Le lundi 28 janvier 2019 à 11h, Marie Chandelier (CEFE / Praxiling) présentera en salle Jean-Paul Taris un séminaire intitulé « Le loup dans la presse française contemporaine : analyse des fonctionnements argumentatifs médiatiques » ; l’accès est libre et sans inscription.
Résumé
Espèce strictement protégée par le droit national et international, le Loup est revenu sur le territoire français le 5 novembre 1992. Son retour, après presque un demi-siècle d’absence, a provoqué des conflits virulents opposant un grand nombre d’acteurs de la société (éleveurs, institutions, scientifiques, politiques, militants, etc). Malgré la mise en place de dispositifs de concertation, ces conflits conservent encore toute leur intensité.
En relayant très largement les débats, les médias ont joué un rôle dans la construction de la controverse. Par le public généraliste auquel elle s’adresse, la presse écrite pourrait matérialiser un espace favorisant la compréhension mutuelle des intérêts des acteurs humains et non humains en confrontation.
À partir d’un corpus de presse écrite nationale et régionale (Le Monde et Nice-Matin, 1993-2014), nous avons identifié les fonctionnements argumentatifs à l’œuvre dans les médias et mis en évidence l’importance de l’opération de catégorisation dans la représentation du conflit. Dès les premiers récits de prédation, c’est en effet autour de la construction axiologique des acteurs en jeu que se structure le discours.
La presse régionale construit la controverse à partir de représentations stables opposant une image sociale forte de l’éleveur à une représentation inquiétante du Loup.
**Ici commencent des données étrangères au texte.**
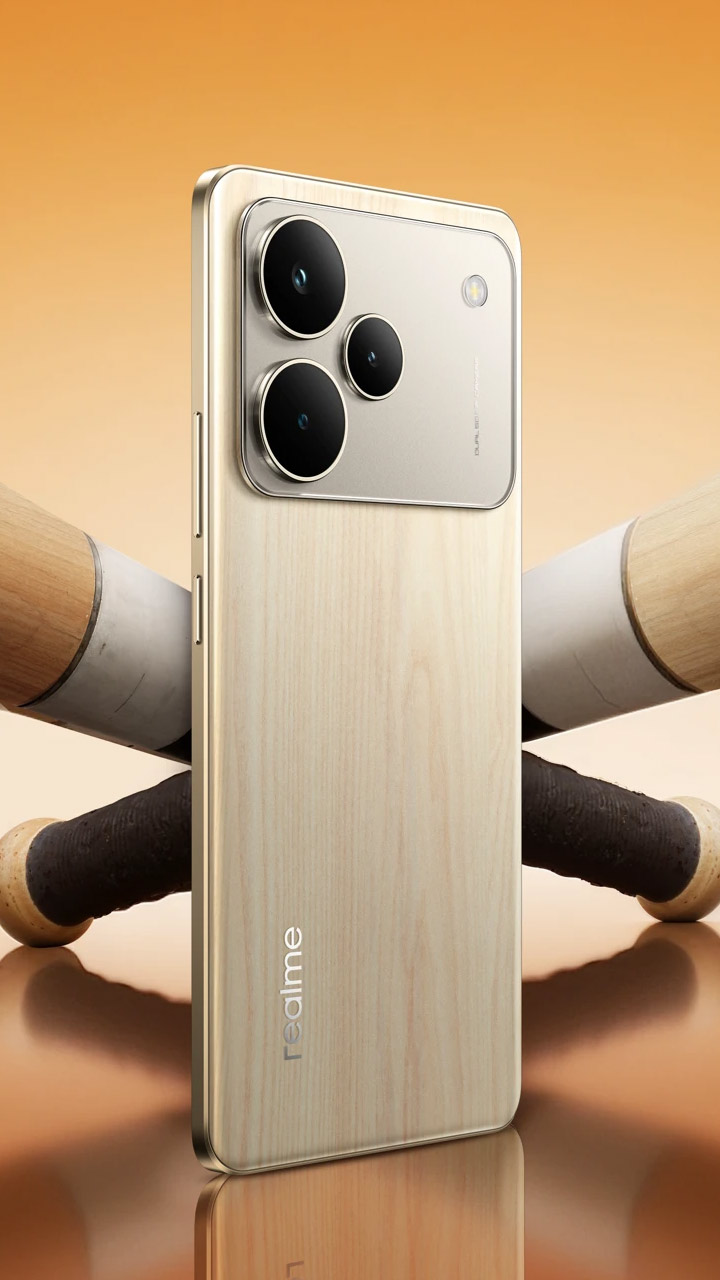 realme P4 series की सेल शुरू, सस्ते स्मार्टफोन पर धमाकेदार ऑफर्स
Alors que jusqu’au début des années 2000, la presse nationale adoptait une posture inverse, dessinant une image du Loup positive, selon des propriétés anthropomorphiques, et une image de l’éleveur négative, elle évolue ensuite, à partir de 2004, vers une réévaluation de la figure de l’éleveur en acteur professionnel respectable, et victime d’un loup à l’image dégradée. Ce changement de posture se produit au moment du tournant institutionnel vers une gestion directe de la coexistence, autorisant les tirs de loups.
Dans la presse nationale comme régionale, la focalisation sur l’image des acteurs se produit selon un schéma opposant systématiquement l’acteur humain – l’éleveur – à l’acteur non humain – le Loup. La valorisation de l’un entraînant le dénigrement de l’autre. En structurant la controverse essentiellement autour de l’image axiologique des acteurs, la presse écrite laisse peu de place à une atténuation du conflit, à la perspective d’une coexistence entre l’Homme et les grands prédateurs sur un même territoire.